## The data
#####

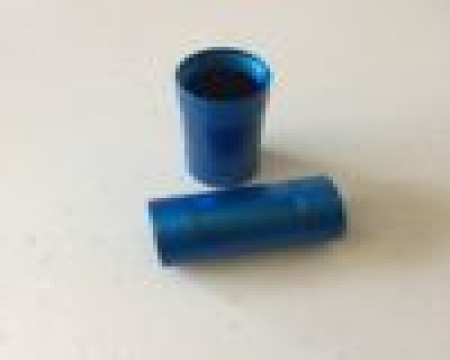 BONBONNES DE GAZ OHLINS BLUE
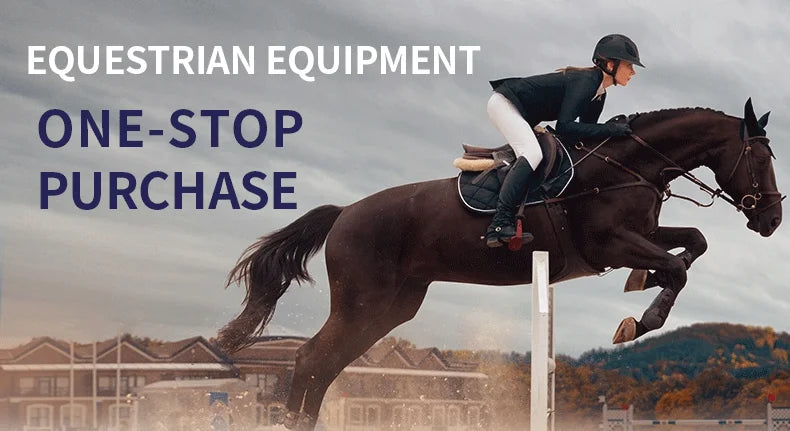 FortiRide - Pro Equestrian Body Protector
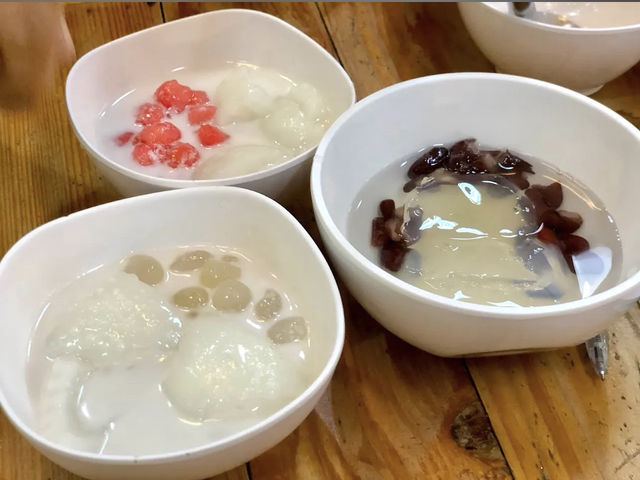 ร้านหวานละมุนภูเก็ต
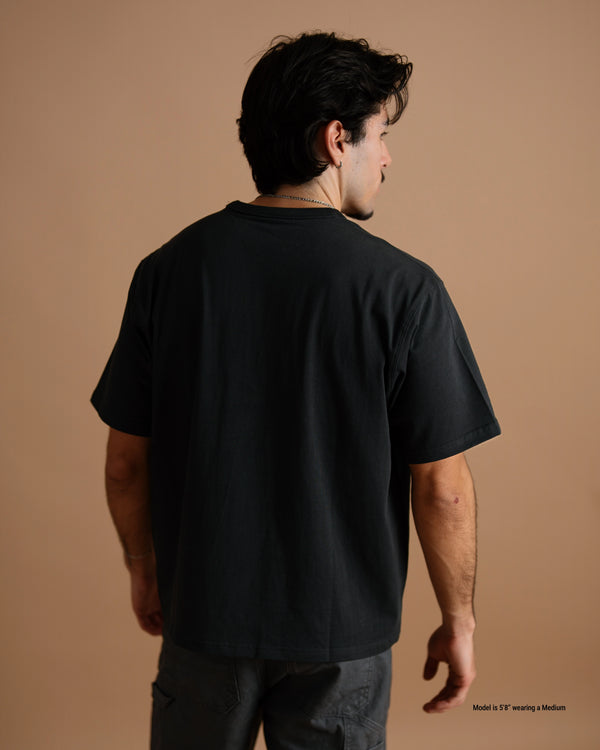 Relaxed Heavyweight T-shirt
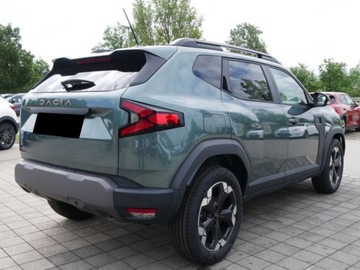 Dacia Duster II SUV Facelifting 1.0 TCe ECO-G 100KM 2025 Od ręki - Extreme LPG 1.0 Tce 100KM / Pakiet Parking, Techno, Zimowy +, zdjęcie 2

#####

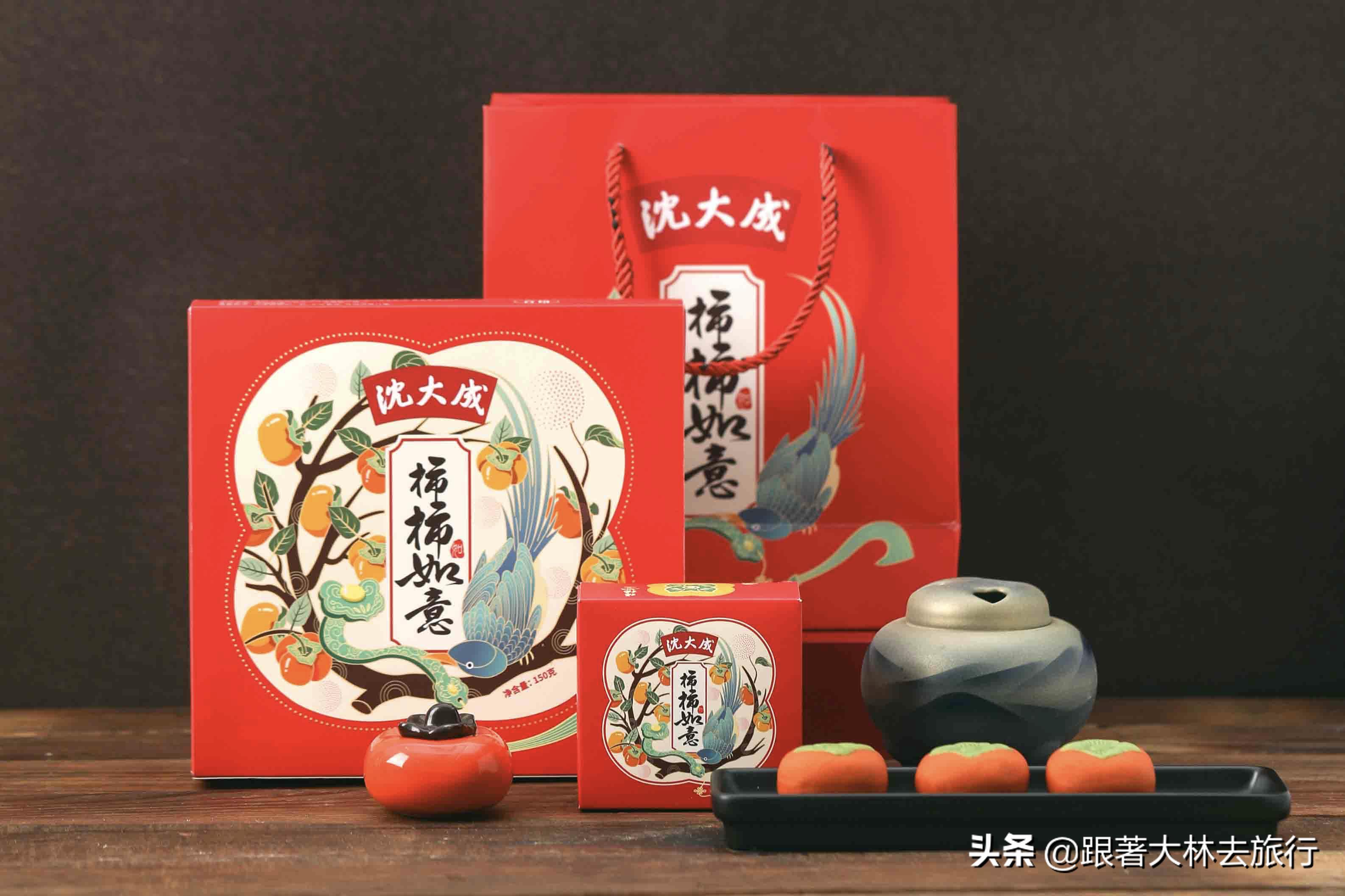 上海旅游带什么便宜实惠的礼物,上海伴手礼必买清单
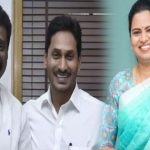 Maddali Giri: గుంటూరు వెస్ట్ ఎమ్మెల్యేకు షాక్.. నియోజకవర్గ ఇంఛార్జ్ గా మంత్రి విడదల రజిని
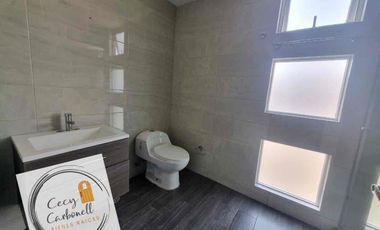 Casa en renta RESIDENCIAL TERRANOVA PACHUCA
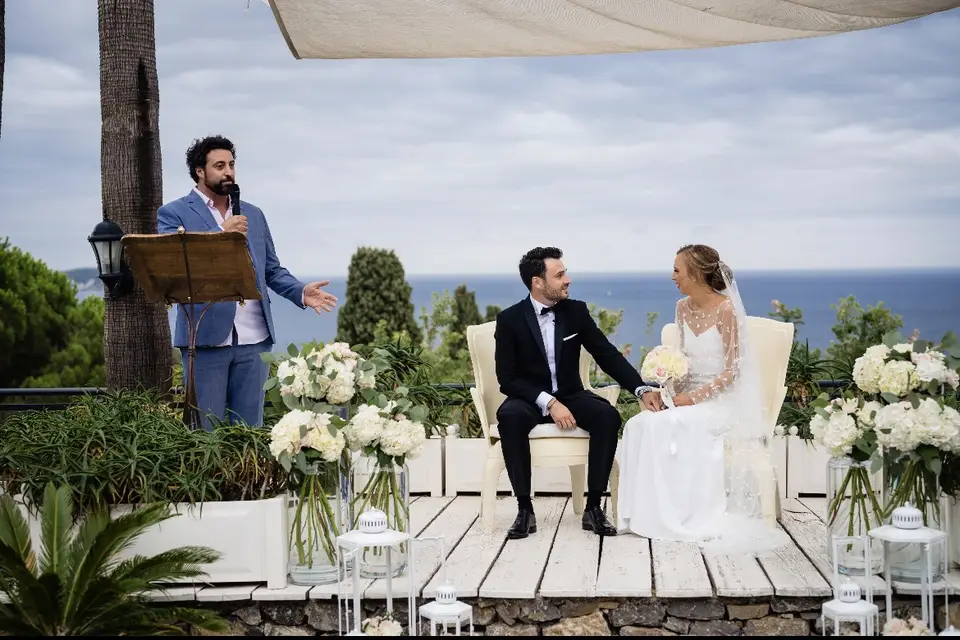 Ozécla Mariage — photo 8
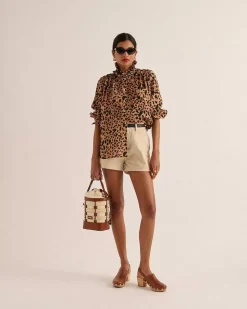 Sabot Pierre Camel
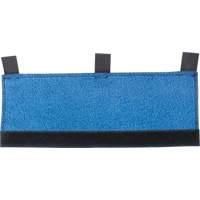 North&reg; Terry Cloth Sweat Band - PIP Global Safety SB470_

#####

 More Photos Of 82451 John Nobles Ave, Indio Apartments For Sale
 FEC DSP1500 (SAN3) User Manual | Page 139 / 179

#####

Word for word, restate the lines above from the one with "FortiRide - Pro Equestrian Body Protector" through the one with "Dacia Duster II", keeping both ends and dropping the pictures.

## Answer area
 FortiRide - Pro Equestrian Body Protector
 ร้านหวานละมุนภูเก็ต
 Relaxed Heavyweight T-shirt
 Dacia Duster II SUV Facelifting 1.0 TCe ECO-G 100KM 2025 Od ręki - Extreme LPG 1.0 Tce 100KM / Pakiet Parking, Techno, Zimowy +, zdjęcie 2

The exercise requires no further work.